Solo is a story narrated by a hundred year old blind Bulgarian, Ulrich, who reminisces over his past and often daydreams. Overtly ambitious in its scope it tries to capture the life of a common man, an everyman, torn through the upheavels of the last century, which forms the 1st part of the novel, named – First Moment : Life. The second part, named- Second Moment : Day Dreams, takes few characters, with certain similarities to the cast of the 1st part, through the much changed landscape in the later part of the century, though the fate of these characters remains overpowered by the sociocultural and political forces of historical magnitude. A brilliant read.
Tokyo Canceled – Rana Dasgupta
It was imminent that after having read Solo one would seek his other novel, which is a collection of short stories, narrated by passengers stranded on an airport after their flight got canceled. Though the tone and character of these stories remains the same through out, for which the author was pointed out by numerous critics, but nevertheless the inventiveness and imagination behind them sails the book through many a miles. The stories are often surreal imbued with elements of magical realism. A highly recommended read.
The NewYork Trilogy – Paul Auster
The books contains three stories City of Glass, Ghosts and The Locked Room. All three are one of the initial works of Auster and were published individually, though they have been clubbed now as the Trilogy. Told in the form of detective fiction they are essentially existential tales of certain individual in search of certain identities, which often merge with their own identities blurring the lines of reality. I had some time ago read the Travels in the Scriptorium by the same author but it didn’t enthuse me enough to explore him further. I guess now I’l read few more of his works.
The High Window – Raymond Chandler
This book was another highlight of the year.I had never much liked detective fiction before, but after reading about Murakami’s inherent indulgence in his works, I was tempted to see what was being offered there and that check proved to be a rewarding experience. Its now easy to see from where the stylistic influence in Murakami’s fiction comes from.

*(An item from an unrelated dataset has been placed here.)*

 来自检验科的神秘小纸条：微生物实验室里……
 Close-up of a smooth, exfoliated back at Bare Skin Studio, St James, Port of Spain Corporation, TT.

The protagonist, Marlowe is the perfect hardboiled detective. He’s a tough, clever, contemplative chap who’s always ready with a wisecrack up his sleeve. Effortless in holding his own in any tough situation. A literary influence on many a crime fiction writers after Chandler. Another of the best thing about Chandler’s writing style is how beautifully things, places, faces or people are described. A delight to read. Quite a savoury experience.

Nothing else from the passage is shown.